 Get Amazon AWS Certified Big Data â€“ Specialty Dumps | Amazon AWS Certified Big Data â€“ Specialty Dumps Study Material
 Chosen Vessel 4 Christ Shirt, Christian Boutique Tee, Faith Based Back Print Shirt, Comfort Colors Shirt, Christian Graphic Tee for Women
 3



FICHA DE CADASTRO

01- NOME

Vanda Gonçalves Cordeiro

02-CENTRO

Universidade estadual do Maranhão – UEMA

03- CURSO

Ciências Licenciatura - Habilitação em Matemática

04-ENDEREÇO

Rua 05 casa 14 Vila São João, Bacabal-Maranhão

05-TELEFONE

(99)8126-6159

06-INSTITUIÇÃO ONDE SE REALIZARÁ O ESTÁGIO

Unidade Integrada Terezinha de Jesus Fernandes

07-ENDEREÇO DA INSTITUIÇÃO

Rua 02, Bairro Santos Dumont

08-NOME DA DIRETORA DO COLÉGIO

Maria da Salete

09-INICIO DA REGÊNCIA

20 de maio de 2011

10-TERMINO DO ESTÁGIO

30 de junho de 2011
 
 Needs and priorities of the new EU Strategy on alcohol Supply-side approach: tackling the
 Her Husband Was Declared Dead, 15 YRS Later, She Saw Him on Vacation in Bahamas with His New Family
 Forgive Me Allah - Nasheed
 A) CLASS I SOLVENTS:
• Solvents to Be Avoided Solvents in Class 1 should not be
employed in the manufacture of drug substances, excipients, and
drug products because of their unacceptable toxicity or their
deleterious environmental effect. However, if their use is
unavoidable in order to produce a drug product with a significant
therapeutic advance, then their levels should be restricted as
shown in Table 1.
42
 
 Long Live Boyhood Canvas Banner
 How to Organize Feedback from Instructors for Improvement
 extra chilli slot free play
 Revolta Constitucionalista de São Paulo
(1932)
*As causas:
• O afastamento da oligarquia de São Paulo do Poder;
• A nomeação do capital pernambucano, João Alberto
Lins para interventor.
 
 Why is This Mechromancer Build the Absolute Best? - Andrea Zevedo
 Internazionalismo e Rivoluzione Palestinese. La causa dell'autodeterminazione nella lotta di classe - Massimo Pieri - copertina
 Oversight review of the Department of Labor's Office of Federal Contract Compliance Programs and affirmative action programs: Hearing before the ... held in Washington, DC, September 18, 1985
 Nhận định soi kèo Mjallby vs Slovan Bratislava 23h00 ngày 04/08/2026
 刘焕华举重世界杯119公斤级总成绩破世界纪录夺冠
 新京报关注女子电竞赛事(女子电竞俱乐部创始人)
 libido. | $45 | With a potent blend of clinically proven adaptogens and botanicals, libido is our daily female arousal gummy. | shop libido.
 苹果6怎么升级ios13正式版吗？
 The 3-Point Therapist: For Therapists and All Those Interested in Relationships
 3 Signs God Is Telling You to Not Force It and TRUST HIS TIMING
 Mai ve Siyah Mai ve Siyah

--- WHAT TO WORK ON ---
In the entries, how many lines include the string "Paulo"? Only the number should be given.

--- YOUR SOLUTION ---
2